The REAL side of Madhuri Dixit?
I'm glad Madhuri Dixit retired in time. Beyond Chandramukhi in Devdas there was little that she could offer Bollywood, or vice versa. On May 15, she turned 30-something. Mother of two sons, happily married to Dr Nene, and what-have-you Madhuri always struck me as a little cold around her heart, and distant. You'd understand what I mean only if you've met some of the other actresses who came after her, like Aishwarya, Preity, Kareena or Priyanka.
Though they are huge stars today they don't behave like stars. They are friendly, down-to-earth and extremely vivacious. Madhuri belongs to that generation of stars who believe they have to behave like a star to be recognised as one. Not that I haven't met warm and truly friendly actresses from her generation. Asha Parekh, who came two generations before Madhuri, is one gloriously affable gal. And from Madhuri's contemporaries Juhi, Manisha and Reveena certainly don't behave like stars.
But Madhuri?oh boy! Does she give star vibes!

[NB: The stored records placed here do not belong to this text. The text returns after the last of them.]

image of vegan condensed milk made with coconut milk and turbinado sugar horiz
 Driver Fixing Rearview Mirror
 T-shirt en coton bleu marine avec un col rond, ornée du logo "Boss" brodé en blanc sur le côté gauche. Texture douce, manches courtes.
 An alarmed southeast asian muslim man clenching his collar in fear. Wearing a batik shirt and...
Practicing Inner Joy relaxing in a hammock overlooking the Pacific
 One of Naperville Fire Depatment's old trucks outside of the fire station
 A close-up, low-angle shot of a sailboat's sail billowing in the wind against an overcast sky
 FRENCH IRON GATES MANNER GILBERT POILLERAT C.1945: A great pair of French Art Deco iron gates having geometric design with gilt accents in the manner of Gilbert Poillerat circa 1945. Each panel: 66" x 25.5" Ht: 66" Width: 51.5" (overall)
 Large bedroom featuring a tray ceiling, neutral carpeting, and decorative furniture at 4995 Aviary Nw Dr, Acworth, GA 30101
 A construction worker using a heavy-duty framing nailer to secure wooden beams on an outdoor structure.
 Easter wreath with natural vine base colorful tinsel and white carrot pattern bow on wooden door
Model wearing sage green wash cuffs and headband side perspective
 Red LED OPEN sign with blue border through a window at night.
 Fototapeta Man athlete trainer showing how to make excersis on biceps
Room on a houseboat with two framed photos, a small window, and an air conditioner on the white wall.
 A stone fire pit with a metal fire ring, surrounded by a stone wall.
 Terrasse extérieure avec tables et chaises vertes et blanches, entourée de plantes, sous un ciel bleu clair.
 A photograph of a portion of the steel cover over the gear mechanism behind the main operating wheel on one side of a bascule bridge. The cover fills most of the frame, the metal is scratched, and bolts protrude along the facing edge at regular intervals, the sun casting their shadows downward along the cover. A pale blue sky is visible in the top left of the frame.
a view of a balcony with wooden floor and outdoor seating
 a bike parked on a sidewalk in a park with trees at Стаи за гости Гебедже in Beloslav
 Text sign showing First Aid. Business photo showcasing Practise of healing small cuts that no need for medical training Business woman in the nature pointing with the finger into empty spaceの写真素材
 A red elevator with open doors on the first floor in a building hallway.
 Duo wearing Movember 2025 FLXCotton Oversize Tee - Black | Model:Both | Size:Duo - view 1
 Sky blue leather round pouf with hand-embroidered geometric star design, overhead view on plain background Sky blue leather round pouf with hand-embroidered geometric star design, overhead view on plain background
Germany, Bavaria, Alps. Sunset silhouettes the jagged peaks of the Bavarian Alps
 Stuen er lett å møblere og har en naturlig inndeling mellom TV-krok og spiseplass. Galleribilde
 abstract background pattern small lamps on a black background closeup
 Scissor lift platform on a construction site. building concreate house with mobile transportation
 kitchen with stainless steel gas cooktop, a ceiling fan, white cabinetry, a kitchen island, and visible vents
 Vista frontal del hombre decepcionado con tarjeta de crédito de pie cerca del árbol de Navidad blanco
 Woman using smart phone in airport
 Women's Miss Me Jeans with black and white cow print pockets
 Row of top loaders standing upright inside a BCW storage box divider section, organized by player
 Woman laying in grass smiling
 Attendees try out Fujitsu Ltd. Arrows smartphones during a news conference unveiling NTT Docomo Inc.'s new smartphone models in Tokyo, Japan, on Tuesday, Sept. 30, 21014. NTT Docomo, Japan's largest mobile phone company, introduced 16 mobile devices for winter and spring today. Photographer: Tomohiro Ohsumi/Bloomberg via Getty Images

I remember how she made a very major director, perhaps the most major of them all, wait on the sets with the entire cast and crew because the next installment of her fees hadn't come. "First the money, only then I'll shoot," she said with a steely-glint in her eyes. The harassed filmmaker ran from pillar to post to keep the shooting going. The rest of the cast worked without their pay-cheques. Not Madhuri. For her the motto was, "Paisa pheko tamaasha dekho."
The first time I met her she was shooting for that marathon movie called Hum Tumhare Hain Sanam with Salman Khan in a bungalow. "I wanted to meet you to give you a piece of my mind?You had said some very nasty things about my song Choli ke peechhe kya hai," she greeted me with a sneer.
Oh, dear?It was rather strange that she wanted to give me a piece of her mind when it was she who had the nation aghast with her suggestive song. Anyway the ice broke (though it never melted) and we chatted. Salman peeped in later, saw me sitting with Madhuri, froze and left. When I was ready to do the same, I realised to my horror that Salman had bolted the door of the makeup room from outside. She grinned in embarrassment and shouted for help. I left.
Many years later I met Madhuri again on the sets of my dear friend Sanjay Leela Bhansali's Devdas. She didn't seem to like my presence...or maybe she just doesn't like being friendly on the sets. Whatever the reason, she behaved very coldly. When I asked if I could sit on the chair next to her, she smiled in that frozen way of hers and said, "Well, it doesn't have anyone's name on it."
Maybe Madhuri doesn't like company on the sets. She always kept her distance for sure. And she never allowed over-familiar behaviour.
I respect her for her professionalism. But did she make many friends in Bollywood while she was here? She was always aloof, the star rather than the yaar. As a kalaakar I thought she had a long way to go.
Sure, she gave the hits. But has anyone seen the way she was presented in her most successful films? Barring Bhansali's Devdas and perhaps Prakash Jha's Mrityudand all the directors she worked with camouflaged her considerable facial beauty in acres of muck. But the zeroes on the paycheque were just right.
Madhuri was meant to be a diva, not a mannequin. She thought she chose her roles well. But she didn't. Turning down Bhansali's Khamoshi: The Musical only because he was a new director was a huge mistake. She made the new director wait for hours on end for days after days. She wouldn't even open the door of her makeup room to let him say 'hello'. Finally, she said 'no'.
Much later I asked her why. "I couldn't relate to the character of the normal girl with deaf and mute parents," she confessed. Yeah, right. Much easier to relate to the girl in Indra Kumar's Dil or the daughter-in-law in Beta.
She also lost Vinod Chopra's 1942: A Love Story over a monetary issue. Money, I guess, was always an important factor for her. Nothing wrong with that. Except that greatness for an artiste comes from creative flexibility not the bank account. India's greatest showbiz icon Amitabh Bachchan couldn't dream of asking for money in Black. And there are so many cameos and voiceovers he has done gratis for friends and friends' friends.
That's why a Bachchan will be cherished for years. Dixit isn't missed in Bollywood. I haven't come across anyone who says, "I'd have liked to write that one memorable role for Madhuri that would've immortalised her"?the way they say about Sridevi. Most believe she left at the right time. Her career couldn't go beyond Bhansali and Devdas. Certainly not Buddhadeb Dasgupta from Bengal either! No one feels her loss in the film industry. But everyone wishes her well. So do I.